Não consta do despacho a autorizar a intercepção a fls. 209 nem tão-pouco da
informação que esteve na sua génese fls. 197 a 199 e ao contrário do que consta
da decisão recorrida que as vigilâncias já efectuadas ao recorrente fossem
insuficientes para a investigação do crime em apreço, e que só com recurso a
este meio excepcional, fosse possível investigá-lo sendo desde logo, e por esta
via, inconstitucionais as intercepções.
Ora, em matéria de intromissão na vida privada dos cidadãos, o legislador
consagrou uma série de requisitos, aos quais, sob pena de nulidade, as
intercepções têm que obedecer.
À cabeça de tais requisitos temos o princípio da necessidade e
subsidiariedade/excepcionalidade, o qual logrou consagração, nos n.ºs 1 e 4 do
art.º 34.º da CRP.
Sendo que, na hierarquia de valores, consagrada pelo legislador, a
inviolabilidade da vida privada, sobrepõe-se à eventual necessidade de
investigação, daí que, só em casos excepcionais, seja permitida a intromissão,
nomeadamente nas telecomunicações desde que respeitados, para cada sujeito,
todos os requisitos legais, o que conforme explanado, se não verificou nos
presentes autos.
Princípios esses, que, “in casu”, no que tange ao recorrente não foram
manifestamente violados.
A interpretação que foi dada pelo douto acórdão, de que se recorre, viola o
estatuído pelo menos nos artigos 26.º, n.º 1, 32.º, n.º 8, e 34.º, n.ºs 1 e 4,
da CRP, inquinada as normas supra referidas, na interpretação dada pelo tribunal
“a quo”, de inconstitucionalidade material.

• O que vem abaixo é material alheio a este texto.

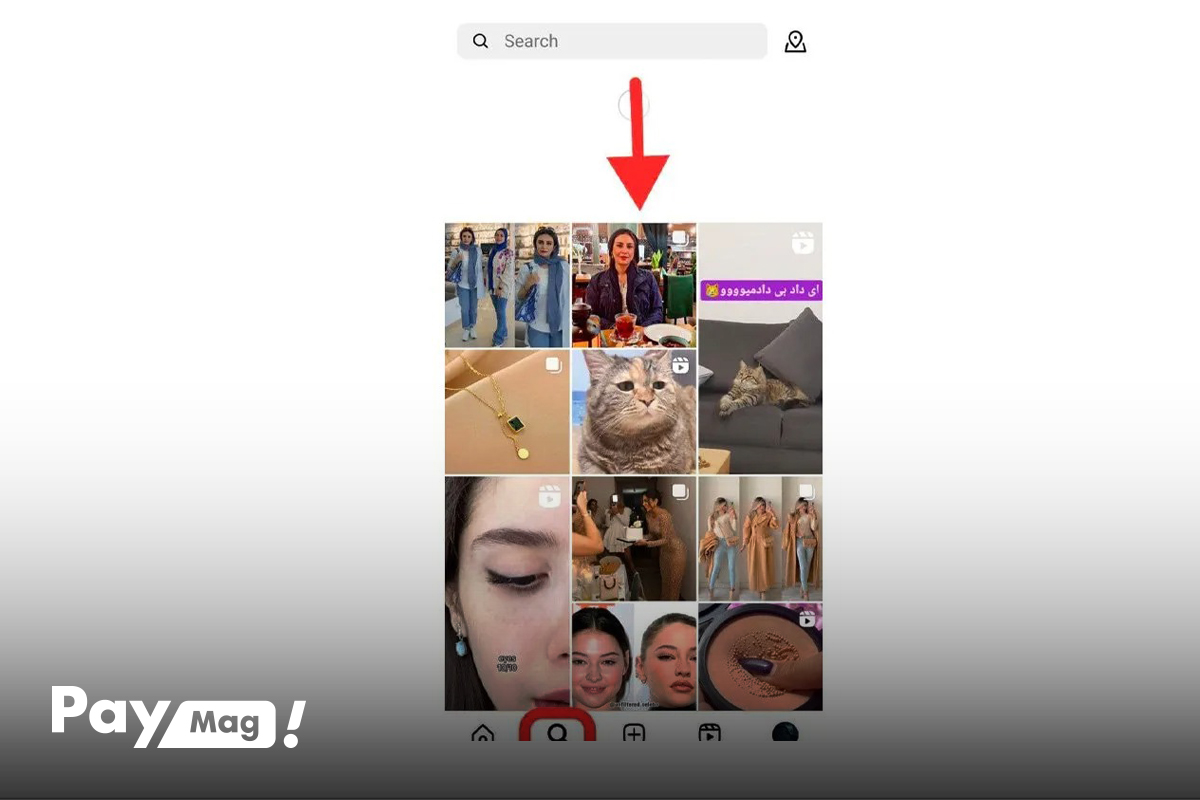 نحوه ریست اکسپلور اینستاگرام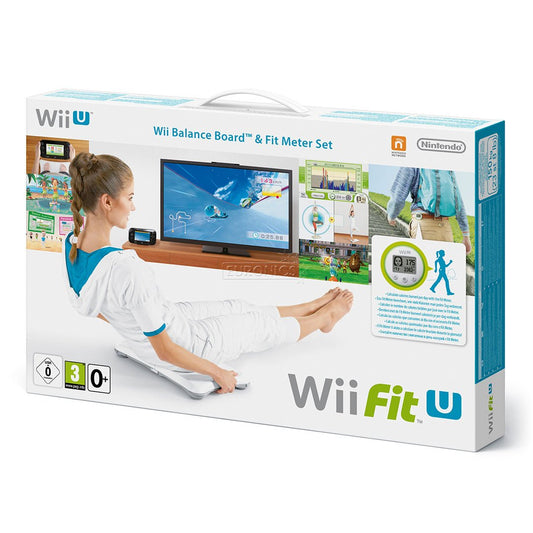 Nintendo Wii Fit U with Wii Balance Board & Fit Meter - Model WUPRASTE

2.ª - Quanto à questão da selecção das escutas, referiu que:
“o recorrente A. alega que quem seleccionou a matéria transcrita das escutas foi
a Polícia Judiciária, e não o MM.º Juiz de Instrução Criminal.
No entanto, a este respeito, o art.º 188.º do Código de Processo Penal determina
que sejam indicadas ao juiz as passagens das gravações ou elementos análogos
considerados relevantes para a prova (n.º 1), cumprindo ao juiz ordenar a sua
transcrição em auto, se os entender como tal (n.º 3).
Também por aqui se não colhe ter havido violação do art.º 188.º do Código do
Processo Penal.”
Portanto o douto acórdão interpretou o artigo 188.°, n.° 3, do CPP, com o
sentido de que o Juiz não necessita de ouvir e ser ele a seleccionar os diálogos
constantes das escutas telefónicas.
Sendo certo que, nos termos da Lei em vigor, o Juiz pode ser coadjuvado pelo
OPCs, todavia o respectivo papel não pode ser meramente passivo mas sim activo,
determinante e essencial.
Acontece que “in casu” se verificou uma mera homologação do sugerido pela PJ,
quem na prática seleccionou a matéria a transcrever.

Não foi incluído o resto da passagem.